Management also split the annual meeting into two. Rather than saving costs and holding a single meeting in 2009 to catch up for the 2008 meeting and hold the 2009 meeting both at once, management decided to hold two meetings in one year. It is a waste of shareholder money, but if management loses one election, maybe they can win the other. Due to the confusion over the shareholder meeting, Bulldog had to litigate to get its nominees on the proxy for the first meeting. The company settled the litigation and agreed to hold the second meeting no later than August 18th.
Finally, management has expanded the board from six to seven members with one unelected board member serving an unspecified term. Since Bulldog will win four seats in this year’s proxy contests, two in March and two in August, the expansion of the board will not make much of a difference.
Wilshire owns 950 rental units, some 200,000 sqft of office space, plus some land, yet is unable to turn a profit. It also has a cash hoard of some $13 million, yet its market capitalization is only $8 million, reflecting lack of confidence in the CEO and her recently announced long term strategic plan for creating value. Even though management is unable to turn a profit with the real estate owned, it plans to add to its real estate holdings and become a major industry player. Good luck competing with Sam Zell’s Equity Residential or the Pritzkers with your paltry $13 million, much of which sits in unaccessible auction rate securities.

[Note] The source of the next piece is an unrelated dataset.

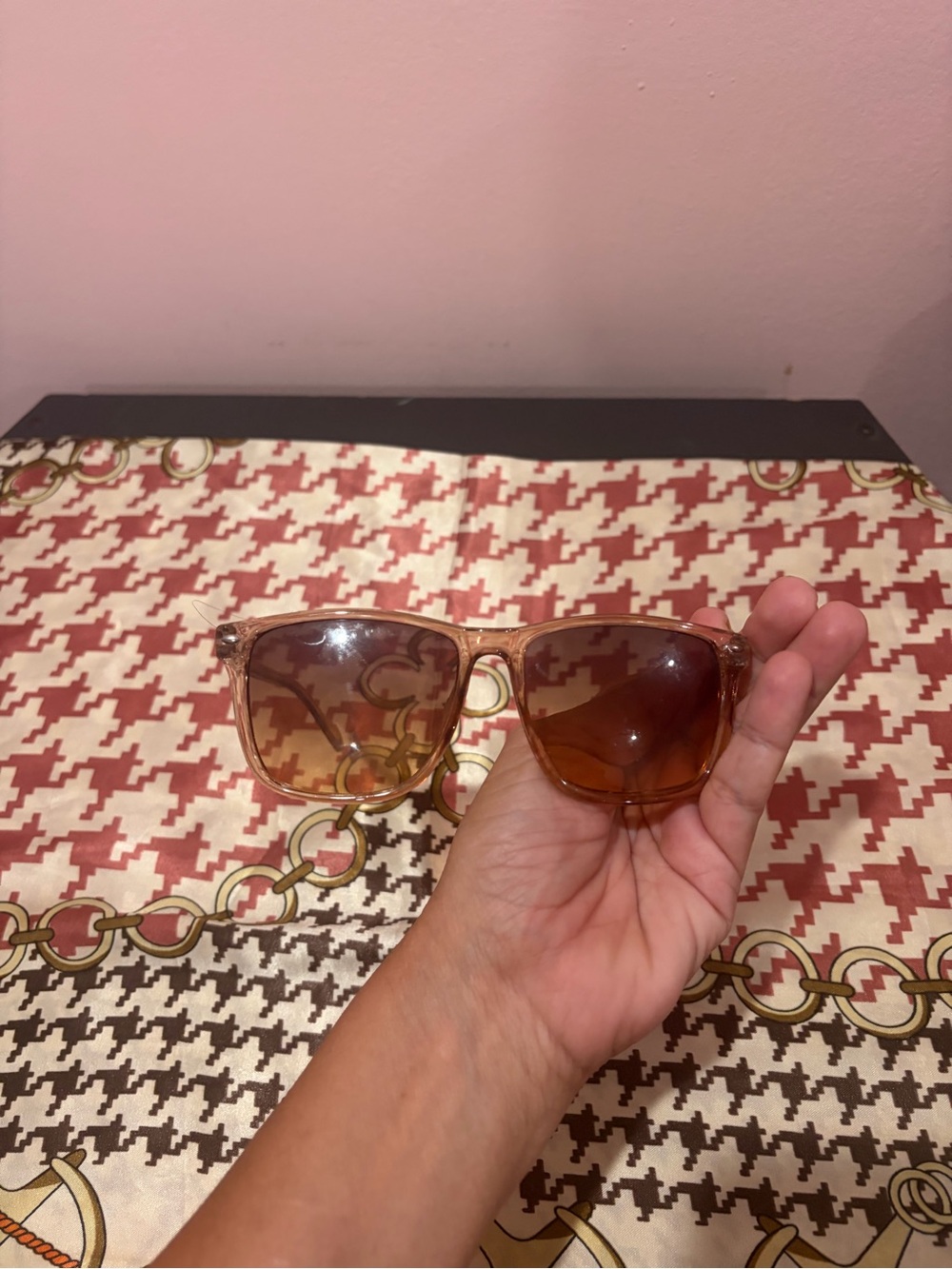 Women's Sunglasses - Fashionable UV Shades amber color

We may have some confidence in that strategy if management had been able to at least make the current rental real estate profitable to market yields. One can argue whether or not it is the right time to sell now, but one can not argue that management should stay in place after so many years of failing to get the rent roll to grow at the same rate as expenses. The same CEO who drove the stock price down while real estate values were soaring now wants to create long-term value.
A friend of ours recently performed a valuation of Wilshire and found that the company should be worth a multiple of its current stock price if you make reasonable assumptions about the value of the apartments. The current management has been unable to run the firm profitably and there is nothing to suggest that they will ever get the firm anywhere near its intrinsic value.
So what is the likelihood that Bulldog will prevail at the two shareholder meetings? The last contested election was decided very narrowly by 2% in favor of management. There has been some change in the shareholder base in the meantime, and anyone who gave CEO Sherry Wilzig the benefit of the doubt (“initial bids are in”) is unlikely to do so again. We predict that the election will be close again, if only because of management’s dirty tricks to accumulate voting shares by skirting the poison pill and and sterilizing those likely to vote against them. The election may well be decided in court.
Disclosure: Thomas Kirchner manages the Pennsylvania Avenue Event-Driven Fund (PAEDX), which owns shares of Wilshire Enterprises. He is the author of an e-book about alternative strategies as well as the forthcoming book Merger Arbitrage: How to Profit from Event-Driven Arbitrage (Wiley Finance, 2009).